:: Data ::

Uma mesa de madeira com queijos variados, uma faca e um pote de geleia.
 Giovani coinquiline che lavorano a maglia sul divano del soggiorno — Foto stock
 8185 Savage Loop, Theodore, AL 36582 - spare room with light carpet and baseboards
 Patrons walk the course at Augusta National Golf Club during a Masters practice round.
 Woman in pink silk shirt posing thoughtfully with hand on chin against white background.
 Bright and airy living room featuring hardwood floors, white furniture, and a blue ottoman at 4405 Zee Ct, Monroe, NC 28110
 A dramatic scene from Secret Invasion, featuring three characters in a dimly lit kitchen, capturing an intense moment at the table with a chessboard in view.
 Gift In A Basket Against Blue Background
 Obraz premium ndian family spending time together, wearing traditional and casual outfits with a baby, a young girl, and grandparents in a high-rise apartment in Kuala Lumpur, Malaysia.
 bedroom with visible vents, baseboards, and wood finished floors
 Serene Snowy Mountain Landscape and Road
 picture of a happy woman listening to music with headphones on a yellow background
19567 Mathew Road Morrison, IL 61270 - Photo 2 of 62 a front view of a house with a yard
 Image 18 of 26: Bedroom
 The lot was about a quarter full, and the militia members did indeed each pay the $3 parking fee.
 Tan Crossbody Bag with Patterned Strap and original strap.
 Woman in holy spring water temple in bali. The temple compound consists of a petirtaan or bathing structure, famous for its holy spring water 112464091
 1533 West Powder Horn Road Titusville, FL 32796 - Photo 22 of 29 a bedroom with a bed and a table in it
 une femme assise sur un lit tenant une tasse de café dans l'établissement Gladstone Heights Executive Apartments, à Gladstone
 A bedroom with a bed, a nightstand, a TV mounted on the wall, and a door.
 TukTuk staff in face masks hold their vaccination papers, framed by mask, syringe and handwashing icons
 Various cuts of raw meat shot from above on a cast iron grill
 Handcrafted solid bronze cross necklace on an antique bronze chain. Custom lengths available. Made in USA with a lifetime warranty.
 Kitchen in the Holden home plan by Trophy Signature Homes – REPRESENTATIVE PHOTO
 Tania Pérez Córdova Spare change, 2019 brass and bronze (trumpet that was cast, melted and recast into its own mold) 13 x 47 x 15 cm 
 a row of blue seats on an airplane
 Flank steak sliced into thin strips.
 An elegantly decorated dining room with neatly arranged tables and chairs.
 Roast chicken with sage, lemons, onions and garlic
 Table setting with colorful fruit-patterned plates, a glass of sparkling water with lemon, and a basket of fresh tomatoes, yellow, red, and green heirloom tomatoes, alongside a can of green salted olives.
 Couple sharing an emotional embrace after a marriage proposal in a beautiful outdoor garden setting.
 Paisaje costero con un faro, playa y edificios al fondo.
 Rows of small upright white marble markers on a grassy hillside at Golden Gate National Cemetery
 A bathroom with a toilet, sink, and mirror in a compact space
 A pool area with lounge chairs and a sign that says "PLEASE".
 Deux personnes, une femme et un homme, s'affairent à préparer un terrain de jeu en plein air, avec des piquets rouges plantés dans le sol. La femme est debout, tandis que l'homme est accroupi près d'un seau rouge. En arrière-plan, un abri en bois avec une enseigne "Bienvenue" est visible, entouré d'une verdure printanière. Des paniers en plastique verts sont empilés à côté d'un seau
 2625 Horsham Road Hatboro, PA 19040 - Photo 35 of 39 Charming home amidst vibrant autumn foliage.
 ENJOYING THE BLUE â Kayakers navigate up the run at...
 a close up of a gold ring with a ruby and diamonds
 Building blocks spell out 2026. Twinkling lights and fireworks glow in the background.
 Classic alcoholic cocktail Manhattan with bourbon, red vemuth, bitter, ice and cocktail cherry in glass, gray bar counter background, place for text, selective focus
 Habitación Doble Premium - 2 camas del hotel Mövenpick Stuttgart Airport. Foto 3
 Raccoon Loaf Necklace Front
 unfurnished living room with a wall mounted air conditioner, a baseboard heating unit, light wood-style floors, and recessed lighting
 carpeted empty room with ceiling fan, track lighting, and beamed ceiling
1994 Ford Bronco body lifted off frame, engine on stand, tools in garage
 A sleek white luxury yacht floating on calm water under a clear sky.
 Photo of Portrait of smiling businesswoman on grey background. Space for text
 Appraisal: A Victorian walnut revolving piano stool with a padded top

:::

• **What is expected**:
Begin with the line containing "1994 Ford Bronco" and repeat each line exactly until the records above end.

• **Task response**:
1994 Ford Bronco body lifted off frame, engine on stand, tools in garage
 A sleek white luxury yacht floating on calm water under a clear sky.
 Photo of Portrait of smiling businesswoman on grey background. Space for text
 Appraisal: A Victorian walnut revolving piano stool with a padded top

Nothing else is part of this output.